I snarled again, watching the small, red eyes. Would she attack? While not having the strength of her mate, she was still such a fighter when cornered as to make any attacker think twice. I crouched lower over the body of the boar, readying for a charge if she showed fight.

The young pigs squealed, uttering a thin, ear-troubling sound, and the two older ones pawed the ground. Yet they made no move, seeming to wait for some unheard order from their dam.

When the sow did not rush, I decided she was only on guard for her young. I took hold of the body of my kill, retreated slowly backward, ever watching the sow. She continued to grunt, lowering her head to tear at the trampled soil with her lesser tusks. Though the picture of seething rage, she did not move toward me.

At last she raised her heavy head, gave a final grunt, and whirled with a speed I thought uncommon to her species. Driving her litter before her, flanked by the two older pigs, she had the whole family on the run. I was left to drag my kill to the top of the ridge and there satisfy my hunger, firmly closing my human mind to what I did, allowing the pard full control.

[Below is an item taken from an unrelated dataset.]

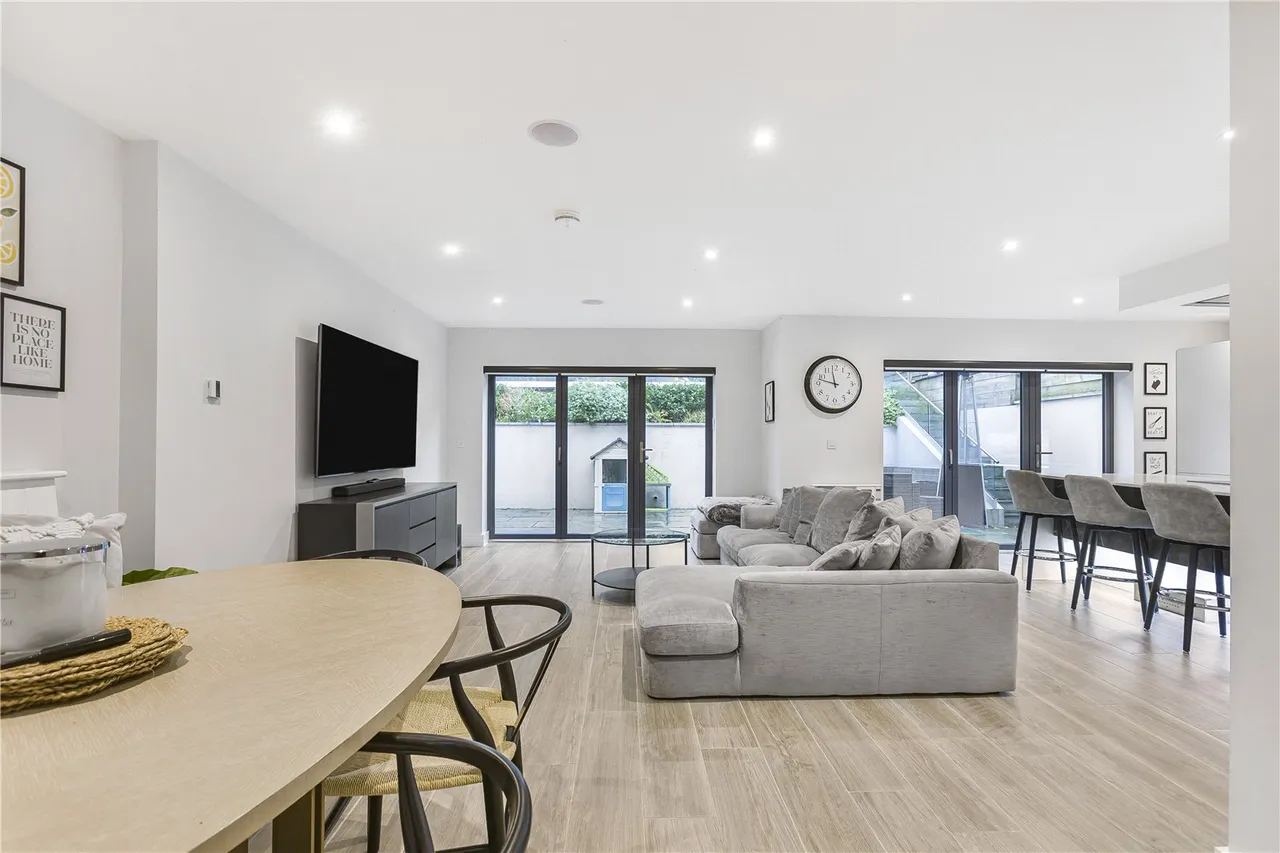 The Coppice, Enfield, EN2 7BY, photo 11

Before I had finished, I heard small rustlings and knew that at a safe distance around me the scavengers, drawn by the scent of my feast, were gathering. When I was gone they would move in to fight and squabble over what remained, until only well-picked bones would lie among the rocks.

I had eaten, now I would drink—but farther on. I had no wish to once more front the sow and her litter. Though I had faced her down once, if I came again and seemed to threaten her piglets, I could well have such a struggle as would mean grave danger. Again Fortune had favored me in that quick, sure kill from which I had come unmarked. There was no reason to exhaust my luck by too frequent testings of it.

The moon was rising slowly. Its reflection did not yet shimmer on the water as I drank deeply and then sat down to lick clean my fur. My hunger and thirst satisfied, my beast nature was lulled. I was ready to think again.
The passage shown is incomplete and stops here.